Some stories are written with ink on paper, while others are carved into the heart by time.
This one was never meant to be written.
This post is inspired by the lyrics of 'Don't say you love me' by Jin, from the album Echo. It is partly based on true story & partly fictionalised. Which part is real and which part is fictionalised is for me to know and you to guess.
This story began like most stories people romanticise in retrospect: two college kids in love with music, mischief, and each other’s company. They were in the same class and were part of the same circle. They were always seen together; planning pranks and walking aimlessly for hours, laughing like time would never run out. And somewhere in the middle of a mountain trail, when he offered his hand to help her cross a ridge, she thought, Maybe I don’t have to do everything alone anymore.
That moment felt like a promise. Not in words. Just in the way he held space for her independence and offered care anyway. It cracked something open in her, something she didn’t know had been sealed shut since childhood.
They fell in love. Or she did.
The story should have ended long before it began to rot.
Unfortunately it did not. And so, after a few years of dating, they got married. And slowly, he stopped walking beside her. Not physically, no. He was still there in the literal sense. But he had wandered off in every way that actually mattered. He left her to carry the weight of two families, a job, a home, and the growing silence in between.
He let her burn quietly. Gaslit her when their world struck her with words that wounded deeper than any slap. He watched, shrugged, and called it normal or denied everything and said it never happened. He said he loved her.
But love, she learned, doesn’t ask you to bleed quietly just to keep the peace of one person.
The breaking point wasn’t loud and did not come with announcements or guidelines.

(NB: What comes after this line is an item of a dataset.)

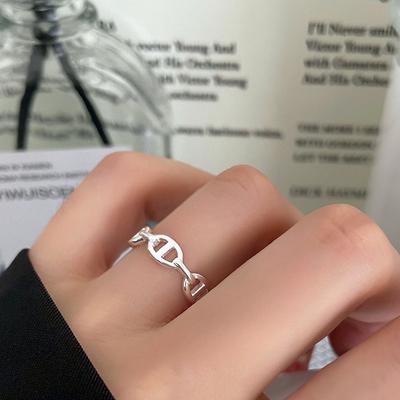 S925 Silver Pig Nose Chain Ring Female Ins Niche Opening Little Finger Ring Small Fresh Silver Jewelry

It came when she fell sick and the fever wouldn’t let go for long months. He didn’t check on her. He didn’t help. He didn’t care. The man who once reached out to catch her on rocky mountain trails now wouldn’t so much as lift a finger when she was falling apart.

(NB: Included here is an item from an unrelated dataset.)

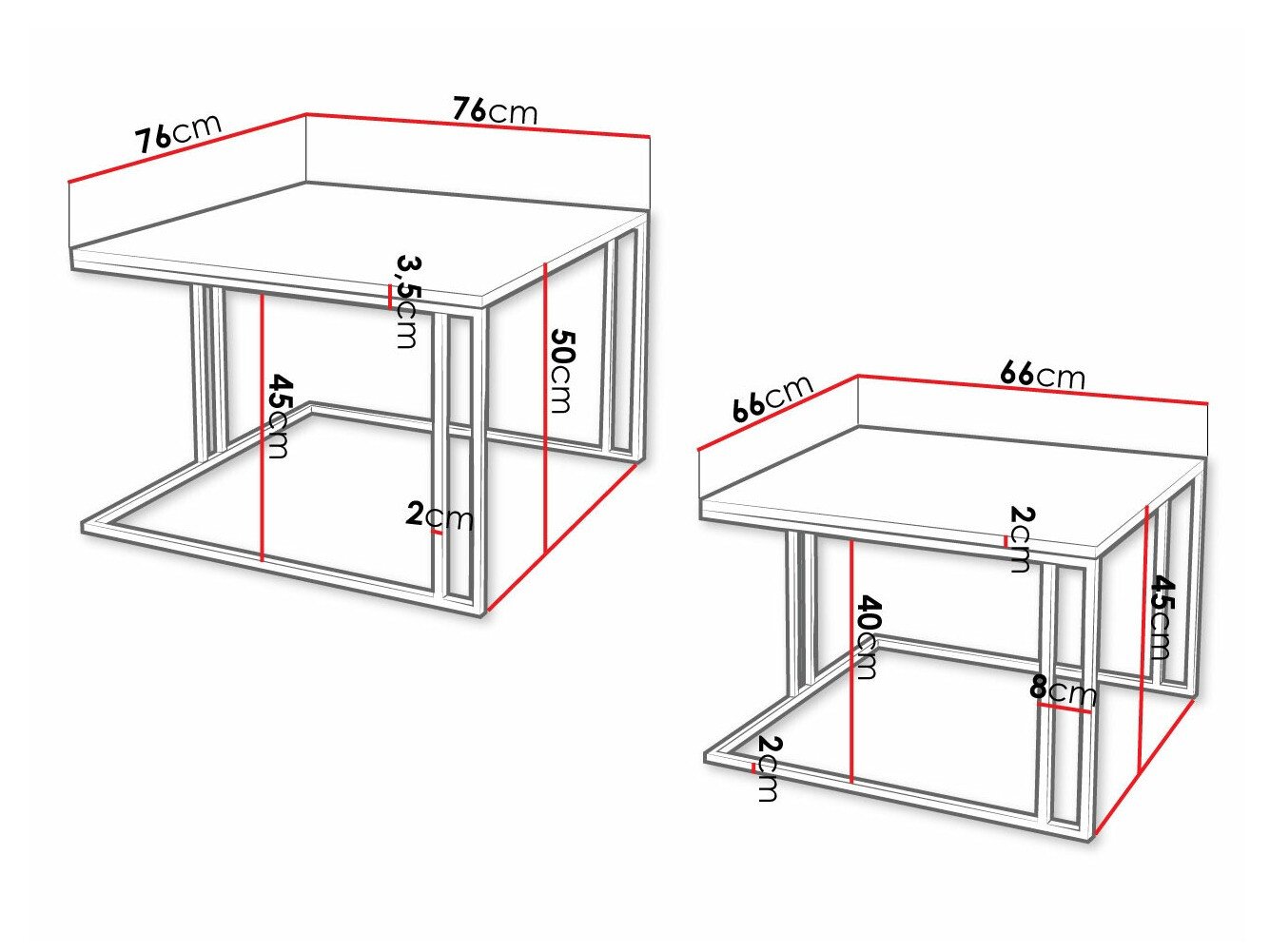 Ensemble tables basses Oswego 110 (Blanc + Doré)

Physically. Mentally. Emotionally.
And that’s when the lyrics came to her. Like a cold truth whispered through, Jin’s voice shining as always:
Don't tell me that you're gonna miss me
Just tell me that you wanna kill me
Don't say that you love me 'cause it hurts the most
You just gotta let me go
Because if this was love, she didn’t want it.
Now, she feels… nothing.
No rage. No heartbreak. Just stillness.
She looks at that chapter like an old coat in the back of her closet — heavy, shapeless, no longer hers. She survived 15 long years with him. She can survive anything. She’s stronger. Sharper. More cynical, maybe, but also less willing to settle for anything less than real.
This story should have never been.
But it was.
And now, it’s hers to end... in truth, not in silence.